Oysa aynı saatlerde, belki aynı caddelerde, belki komşu mahallede bir başka insan yalnızca midesindeki boşluğu dolduracak bir lokmanın peşindedir. Onun derdi, fazla olanı eritmek değil; olmayanı bulmaktır. Uykusunu bozan hazımsızlık değil, yokluğun keskin sancısıdır.
İşte hayatın gerçek yüzü burada belirir:
Birinin derdi “fazlayı eksiltmek”, diğerinin derdi “eksik olanı tamamlamak”.
Bu sadece ekonomik eşitsizliklerin değil, aynı zamanda insanlık vicdanının sınandığı bir alandır.
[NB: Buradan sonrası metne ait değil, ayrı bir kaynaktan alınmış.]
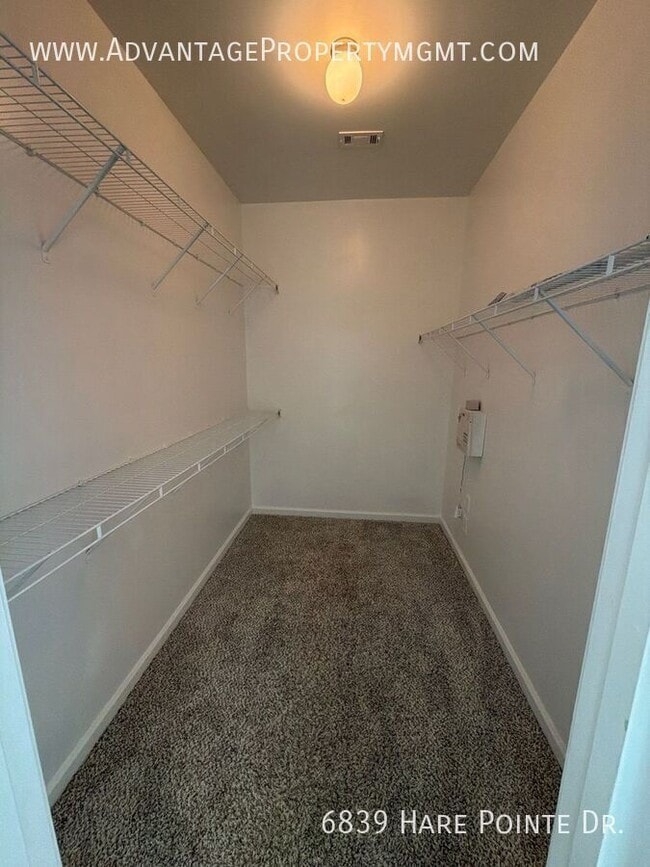 Building Photo - 6839 Hare Pointe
Şu soruları sormadan geçemiyoruz:
-
Bu uçurum neden bu kadar derin?
-
Bir bardak soda, bir başkasının tüm günlük rızkından nasıl daha kolay elde edilebilir hale geldi?
-
İnsanlık bu teraziyi nerede kaybetti?
Belki de çözüm, sofralarımıza bakışımızı değiştirmekten geçiyor.
Toplumsal denge, fazlası olanın soda açtığı masada değil; eksik olanın tabağını düşünen yürekte kurulur.
Çünkü gerçek tokluk, sadece midenin değil, vicdanın da doymasıyla mümkündür.
Hayat, işte tam da bu terazinin dengesini bulma çabamızdır.